# About this task
The entries below need to be transcribed verbatim.

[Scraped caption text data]
====
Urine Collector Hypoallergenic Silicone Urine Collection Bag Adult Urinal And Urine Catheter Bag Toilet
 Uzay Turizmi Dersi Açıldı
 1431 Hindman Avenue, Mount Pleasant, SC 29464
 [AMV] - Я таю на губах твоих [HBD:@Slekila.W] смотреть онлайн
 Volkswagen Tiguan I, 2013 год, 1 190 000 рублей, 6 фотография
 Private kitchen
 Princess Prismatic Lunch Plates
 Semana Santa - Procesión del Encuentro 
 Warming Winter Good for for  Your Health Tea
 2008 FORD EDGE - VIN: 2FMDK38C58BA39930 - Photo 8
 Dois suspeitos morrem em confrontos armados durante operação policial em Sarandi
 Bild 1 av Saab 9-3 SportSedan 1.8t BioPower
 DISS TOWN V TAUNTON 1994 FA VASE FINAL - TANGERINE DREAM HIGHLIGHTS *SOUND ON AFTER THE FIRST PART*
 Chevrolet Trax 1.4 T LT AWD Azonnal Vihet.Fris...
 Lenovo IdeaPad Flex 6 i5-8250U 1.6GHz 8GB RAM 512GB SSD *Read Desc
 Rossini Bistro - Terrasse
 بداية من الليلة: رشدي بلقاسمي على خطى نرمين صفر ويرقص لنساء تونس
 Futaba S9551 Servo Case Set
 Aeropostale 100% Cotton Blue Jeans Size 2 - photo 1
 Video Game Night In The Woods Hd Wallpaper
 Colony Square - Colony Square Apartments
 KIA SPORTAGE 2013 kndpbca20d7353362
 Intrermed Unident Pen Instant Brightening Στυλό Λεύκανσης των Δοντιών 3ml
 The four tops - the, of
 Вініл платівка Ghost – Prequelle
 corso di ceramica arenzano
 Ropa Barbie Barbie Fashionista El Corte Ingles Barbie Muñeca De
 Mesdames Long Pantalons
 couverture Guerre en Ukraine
====
# Solution for this exercise
Urine Collector Hypoallergenic Silicone Urine Collection Bag Adult Urinal And Urine Catheter Bag Toilet
 Uzay Turizmi Dersi Açıldı
 1431 Hindman Avenue, Mount Pleasant, SC 29464
 [AMV] - Я таю на губах твоих [HBD:@Slekila.W] смотреть онлайн
 Volkswagen Tiguan I, 2013 год, 1 190 000 рублей, 6 фотография
 Private kitchen
 Princess Prismatic Lunch Plates
 Semana Santa - Procesión del Encuentro 
 Warming Winter Good for for  Your Health Tea
 2008 FORD EDGE - VIN: 2FMDK38C58BA39930 - Photo 8
 Dois suspeitos morrem em confrontos armados durante operação policial em Sarandi
 Bild 1 av Saab 9-3 SportSedan 1.8t BioPower
 DISS TOWN V TAUNTON 1994 FA VASE FINAL - TANGERINE DREAM HIGHLIGHTS *SOUND ON AFTER THE FIRST PART*
 Chevrolet Trax 1.4 T LT AWD Azonnal Vihet.Fris...
 Lenovo IdeaPad Flex 6 i5-8250U 1.6GHz 8GB RAM 512GB SSD *Read Desc
 Rossini Bistro - Terrasse
 بداية من الليلة: رشدي بلقاسمي على خطى نرمين صفر ويرقص لنساء تونس
 Futaba S9551 Servo Case Set
 Aeropostale 100% Cotton Blue Jeans Size 2 - photo 1
 Video Game Night In The Woods Hd Wallpaper
 Colony Square - Colony Square Apartments
 KIA SPORTAGE 2013 kndpbca20d7353362
 Intrermed Unident Pen Instant Brightening Στυλό Λεύκανσης των Δοντιών 3ml
 The four tops - the, of
 Вініл платівка Ghost – Prequelle
 corso di ceramica arenzano
 Ropa Barbie Barbie Fashionista El Corte Ingles Barbie Muñeca De
 Mesdames Long Pantalons
 couverture Guerre en Ukraine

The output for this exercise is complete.